Start of Block

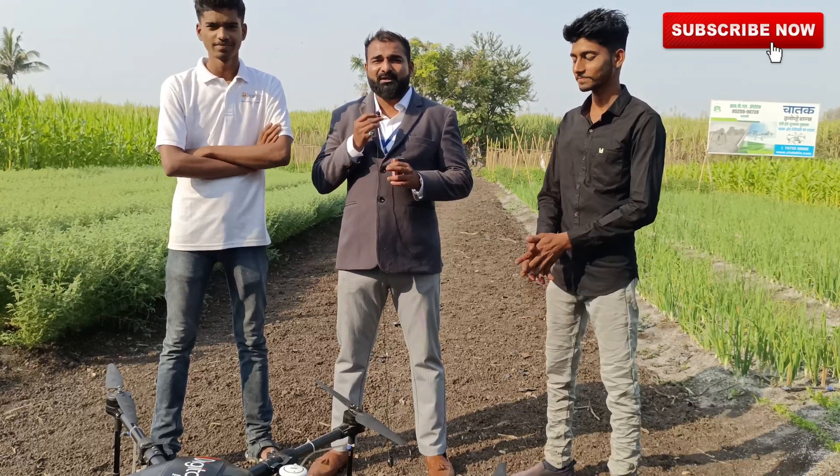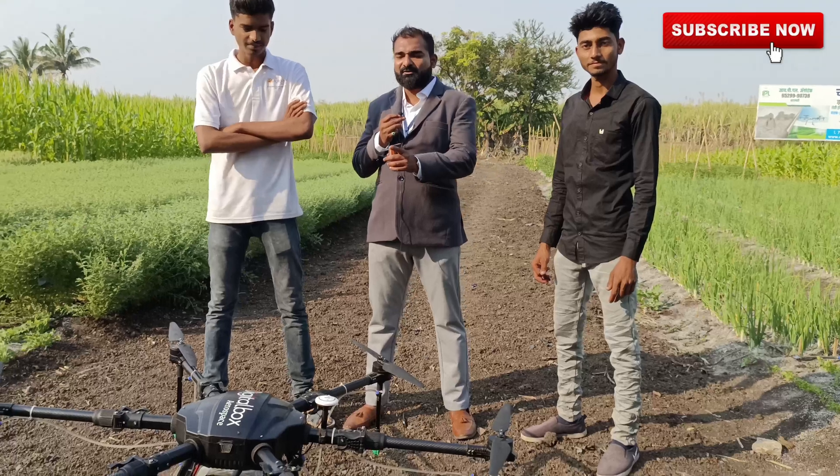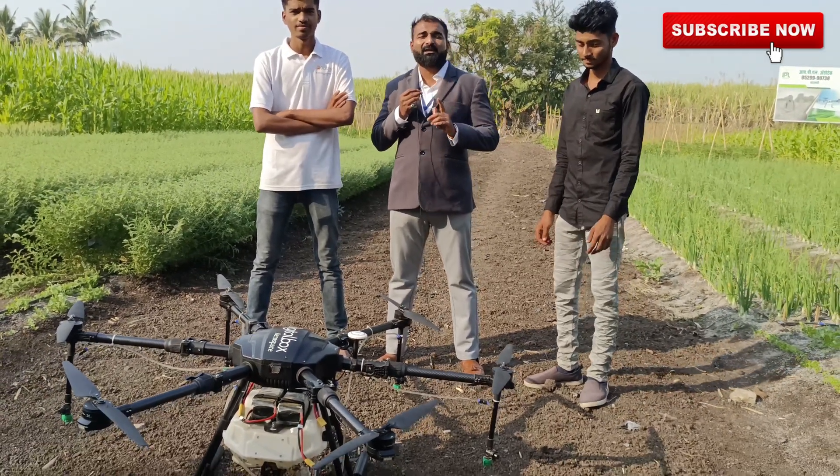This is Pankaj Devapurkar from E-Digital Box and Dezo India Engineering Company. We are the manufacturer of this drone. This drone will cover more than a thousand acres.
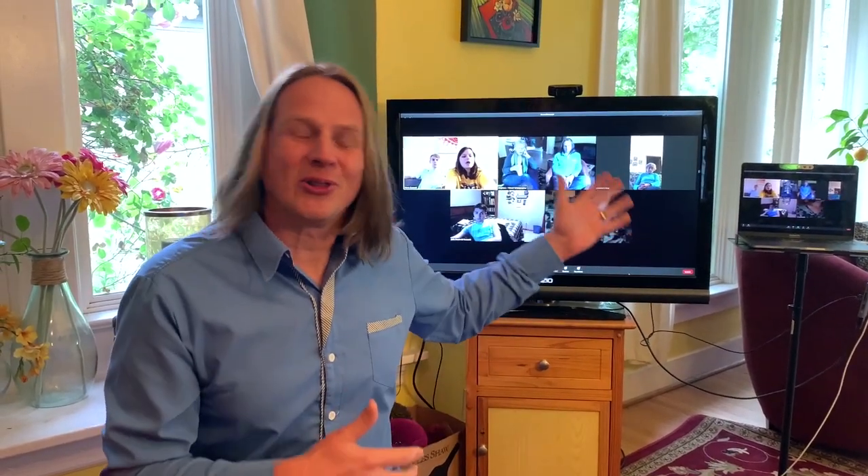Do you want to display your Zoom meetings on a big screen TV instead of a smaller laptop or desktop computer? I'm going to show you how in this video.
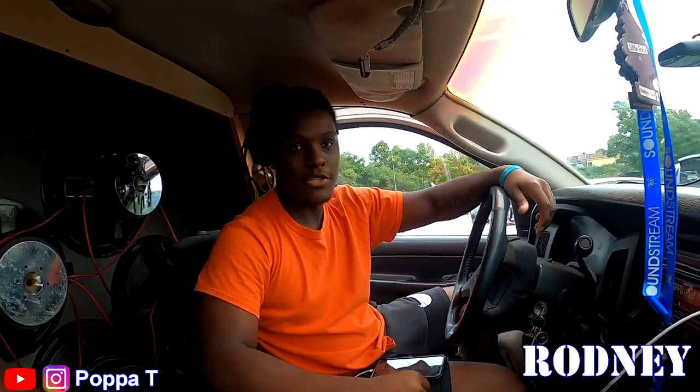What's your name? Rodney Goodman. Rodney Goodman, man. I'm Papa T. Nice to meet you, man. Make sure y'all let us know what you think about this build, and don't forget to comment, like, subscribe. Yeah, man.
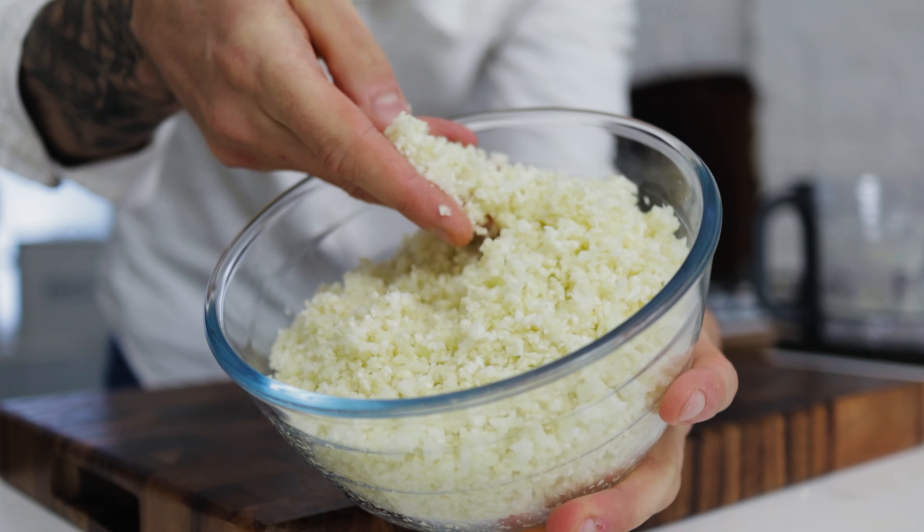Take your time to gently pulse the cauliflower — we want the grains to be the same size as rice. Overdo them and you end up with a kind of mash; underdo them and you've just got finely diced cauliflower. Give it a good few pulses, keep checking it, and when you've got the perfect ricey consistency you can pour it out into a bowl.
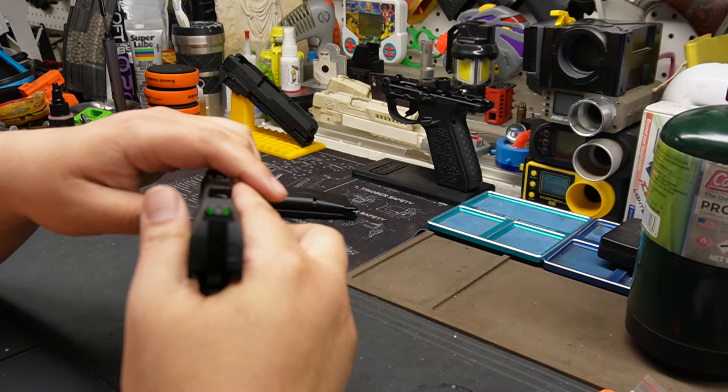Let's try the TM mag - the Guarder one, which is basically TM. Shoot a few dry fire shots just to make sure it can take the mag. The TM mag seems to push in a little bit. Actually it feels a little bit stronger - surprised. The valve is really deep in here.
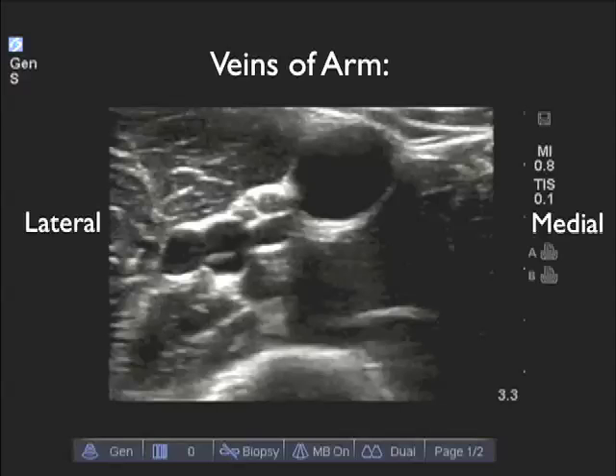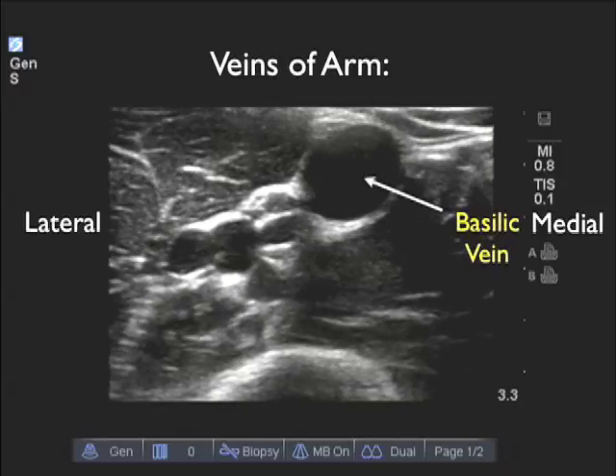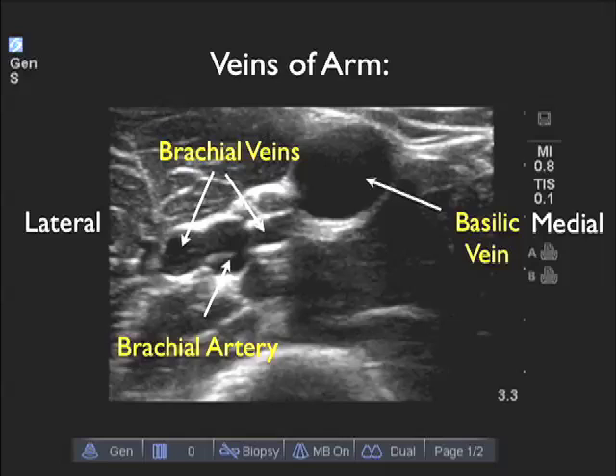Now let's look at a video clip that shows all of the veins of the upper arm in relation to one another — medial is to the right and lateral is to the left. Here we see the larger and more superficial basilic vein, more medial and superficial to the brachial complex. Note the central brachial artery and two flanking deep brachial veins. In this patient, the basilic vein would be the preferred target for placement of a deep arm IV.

End of Block

A word-for-word copy is required of the lines above from the line with "Let's try the" through the last line of the data; no other lines and no pictures belong in it.

--- Output for this exercise ---
Let's try the TM mag - the Guarder one, which is basically TM. Shoot a few dry fire shots just to make sure it can take the mag. The TM mag seems to push in a little bit. Actually it feels a little bit stronger - surprised. The valve is really deep in here.
Now let's look at a video clip that shows all of the veins of the upper arm in relation to one another — medial is to the right and lateral is to the left. Here we see the larger and more superficial basilic vein, more medial and superficial to the brachial complex. Note the central brachial artery and two flanking deep brachial veins. In this patient, the basilic vein would be the preferred target for placement of a deep arm IV.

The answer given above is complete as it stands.